At the end of the day, consumers need not be unduly worried about the harmful chemicals in food and food packaging, as these can be managed, said Prof Chen.


"We can't do away with the chemicals in food and food packaging because they are everywhere and a reflection of urbanisation and industrialisation," he said. "They make our lives easier. If not, we will have to go back to the Stone Age."


The key is to make informed choices in food and food packaging.


Besides, in Singapore, only food additives that have passed the safety assessments of the Agri-Food & Veterinary Authority of Singapore (AVA) will be permitted for use in food products, said its spokesman.


The AVA also conducts surveillance, involving the sampling and testing of pre-packaged food and food-contact articles, to ensure that additives and packaging used and food contact articles comply with its safety requirements.


"It is difficult to quantify the degree of harm each type of food additive causes; the general advice would be to be aware of the risks these food additives can cause and to take such processed foods in moderation," said Dr Huang.


"Parents should make an effort to increase the serving of fresh fruit and/or vegetables for their children; frozen food is preferred to preserved or canned food."


Apart from eating less processed food and using less packaging, there are solutions such as using biodegradable disposable packaging like plates made from corn starch and replacing chemical preservatives with natural food preservatives, Prof Chen said.

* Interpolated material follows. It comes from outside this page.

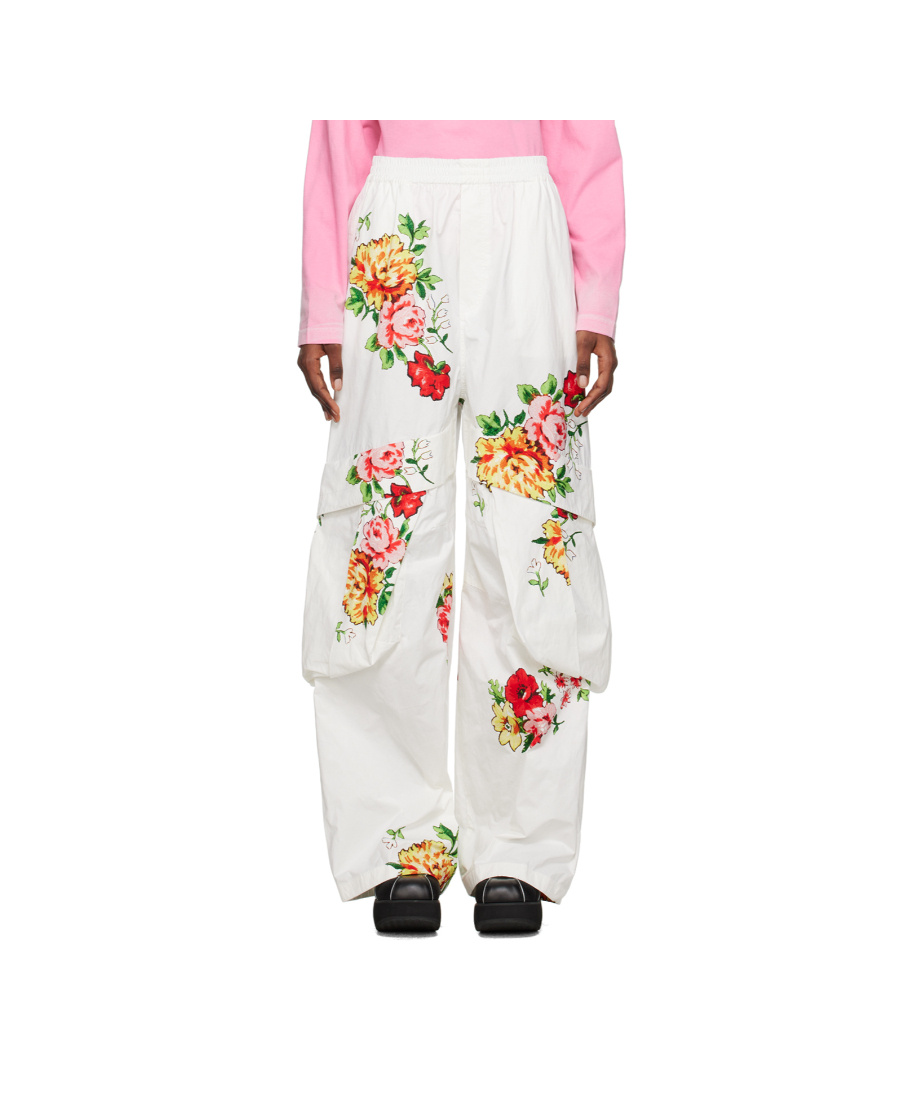 We11 Done Logo Spliced Casual Pants In White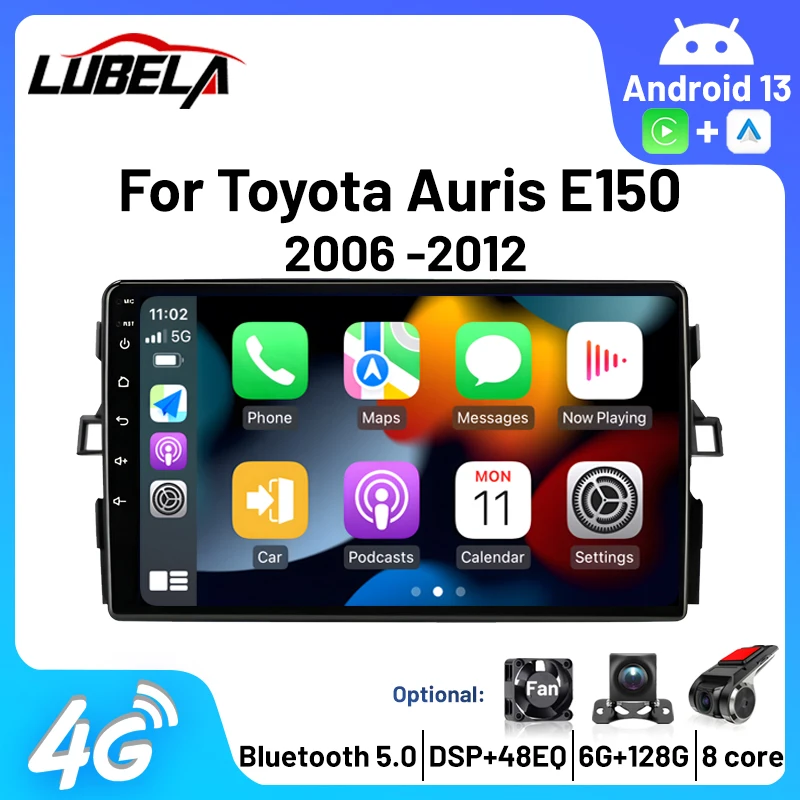 

Авторадио 2Din Android беспроводной Carplay Android авто для Toyota Auris E150 2006-2012 8-ядерный wifi gps 4g автомобильный радиоприемник мультимедийный плеер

He and his team have discovered a natural preservative that keeps food fresh for at least eight times longer than artificial preservatives, and at roughly the same cost. They hope to get the product on the market within two years.


He added: "It is all about striking a balance in the choices we made because, if you think about it, with fresh food, there is also the risk of bacterial contamination."




If you fancy a chicken burger at home, is it cheaper to make one using a frozen patty or a homemade one?


A quick search on online supermarkets shows that a frozen patty can cost between $3 and $5, while it would cost about $5.60 to make one from scratch, said Ms Fiona Chia, director of nutrition consultancy Health Can Be Fun.


"Mass production has helped to lower food cost. It is effective to save cost by buying food in bulk," she said.


"The disadvantage is that these foods have gone through so much processing that most of the nutrients would have been lost during the manufacturing process."


Hence, chemicals are then added to the food to keep the taste and nutrient value similar to the original food product, said Ms Chia.


These added ingredients may not necessary benefit our health much.


It is best to consume foods that are high in fibre, rich in vitamins and minerals, and to have a balance of proteins and carbohydrates, said Ms Chia.


"It is alright to have chicken nuggets, but relying on these as staples and forgoing fruits and vegetables will not teach our children about healthier eating habits," said Ms Chia.


Also, there are so-called healthier alternatives to chicken nuggets, but these "healthier versions" would also contain saturated fat if they are made from very fatty cuts.


Making a chicken patty from scratch allows you to choose the cuts of meat as well as control the type of oil used, which can help to increase the nutrient quality of the food, Ms Chia advised.